Who needs education when facts are optional?

 

At first glance, you would think there is little connection between Republican presidential nominee Donald Trump and a proposed Texas textbook, Mexican American Heritage, which misrepresents and demeans the important contributions of the Hispanic culture to the state and the country that we know today.

But in an era in which a growing number of people are motivated more by fear and ideology than they are by truth, the separate furors created by Trump and the textbook share some common ground.

First, there are the wall that Trump vows to build along the Mexican border and his proposed roundup of undocumented immigrants. They would be expensive, divisive attempts to deny the inevitable fact that within the next generation or so Hispanics will constitute a majority of the Texas population and, sooner or later, control the centers of Texas political power. The proposed textbook, meanwhile, tries to rewrite the history of the Hispanic culture already represented by more than half of Texas’ 5.2 million public school students.
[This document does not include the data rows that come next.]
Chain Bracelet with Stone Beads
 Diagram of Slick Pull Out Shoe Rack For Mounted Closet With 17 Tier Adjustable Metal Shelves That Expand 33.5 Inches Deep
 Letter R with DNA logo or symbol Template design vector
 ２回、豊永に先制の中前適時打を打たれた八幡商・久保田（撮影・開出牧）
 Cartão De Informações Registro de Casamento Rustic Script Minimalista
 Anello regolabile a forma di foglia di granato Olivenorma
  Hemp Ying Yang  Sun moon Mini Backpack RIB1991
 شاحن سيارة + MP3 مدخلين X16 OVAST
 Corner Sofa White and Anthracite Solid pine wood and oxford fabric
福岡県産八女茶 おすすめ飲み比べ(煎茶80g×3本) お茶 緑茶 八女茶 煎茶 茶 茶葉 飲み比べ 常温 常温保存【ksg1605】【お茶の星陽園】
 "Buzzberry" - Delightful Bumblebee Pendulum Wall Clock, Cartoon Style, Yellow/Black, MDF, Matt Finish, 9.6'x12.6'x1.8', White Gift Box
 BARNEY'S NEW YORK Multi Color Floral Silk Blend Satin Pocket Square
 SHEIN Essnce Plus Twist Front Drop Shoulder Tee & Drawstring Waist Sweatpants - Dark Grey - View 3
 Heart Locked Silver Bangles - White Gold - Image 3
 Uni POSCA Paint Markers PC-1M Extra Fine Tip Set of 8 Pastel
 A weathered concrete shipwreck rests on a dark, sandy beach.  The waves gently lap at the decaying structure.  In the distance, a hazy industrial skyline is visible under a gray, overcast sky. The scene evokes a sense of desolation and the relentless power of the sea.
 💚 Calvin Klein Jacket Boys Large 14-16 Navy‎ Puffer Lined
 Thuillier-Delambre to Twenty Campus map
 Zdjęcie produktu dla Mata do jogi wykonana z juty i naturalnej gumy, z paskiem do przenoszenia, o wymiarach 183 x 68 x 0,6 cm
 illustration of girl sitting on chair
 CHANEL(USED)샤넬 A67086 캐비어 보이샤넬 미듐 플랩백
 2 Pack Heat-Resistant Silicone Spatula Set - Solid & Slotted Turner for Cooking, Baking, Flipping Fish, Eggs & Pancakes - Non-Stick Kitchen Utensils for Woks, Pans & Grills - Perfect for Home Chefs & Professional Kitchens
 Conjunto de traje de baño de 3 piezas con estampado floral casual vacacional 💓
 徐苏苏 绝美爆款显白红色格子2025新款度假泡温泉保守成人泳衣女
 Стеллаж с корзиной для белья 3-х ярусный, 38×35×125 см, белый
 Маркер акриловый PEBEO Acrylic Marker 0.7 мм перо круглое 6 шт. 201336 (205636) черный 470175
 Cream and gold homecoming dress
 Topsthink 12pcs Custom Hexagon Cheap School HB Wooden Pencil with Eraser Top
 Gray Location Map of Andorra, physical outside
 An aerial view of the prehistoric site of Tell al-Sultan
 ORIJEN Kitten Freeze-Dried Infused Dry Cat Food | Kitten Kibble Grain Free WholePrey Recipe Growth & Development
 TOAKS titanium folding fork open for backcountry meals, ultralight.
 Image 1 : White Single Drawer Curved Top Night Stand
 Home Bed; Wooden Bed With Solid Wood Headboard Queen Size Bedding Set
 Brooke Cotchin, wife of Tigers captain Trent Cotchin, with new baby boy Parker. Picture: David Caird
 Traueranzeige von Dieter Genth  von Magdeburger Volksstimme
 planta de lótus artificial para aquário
Trump’s campaign has been built on bluster, misrepresentations of the truth, outright lies, bigotry and an appeal to fear.

Trump is outrageous, not ideological. But Cynthia Dunbar, the publisher of the offensive textbook, is very ideological. In an interview with the Texas Tribune before the State Board of Education hearing on the book, she said she had “no hidden agenda” in publishing the text and offering it for use in high school Mexican American studies classes.

The book, however, is riddled with inaccuracies and racial stereotypes, according to many scholars who have reviewed it. And as a member of the State Board of Education several years ago, Dunbar certainly had an agenda to impose her own right-wing ideology on Texas’ public schools, including an effort to remove the separation of church and state principle under which the United States was founded from the Texas curriculum. She also has called public education a “tool of perversion.”

Trump and Dunbar, in their own separate ways, are part of what Miami Herald columnist Leonard Pitts Jr. calls a “post-factual nation,” an America, under attack from cable TV, social media and other ideological platforms, “where untruth is gospel, reality is multiple choice and ‘facts’ are whatever you have testes enough to say and somebody is dumb enough to believe.”

The school children of Texas deserve better, and so do their parents.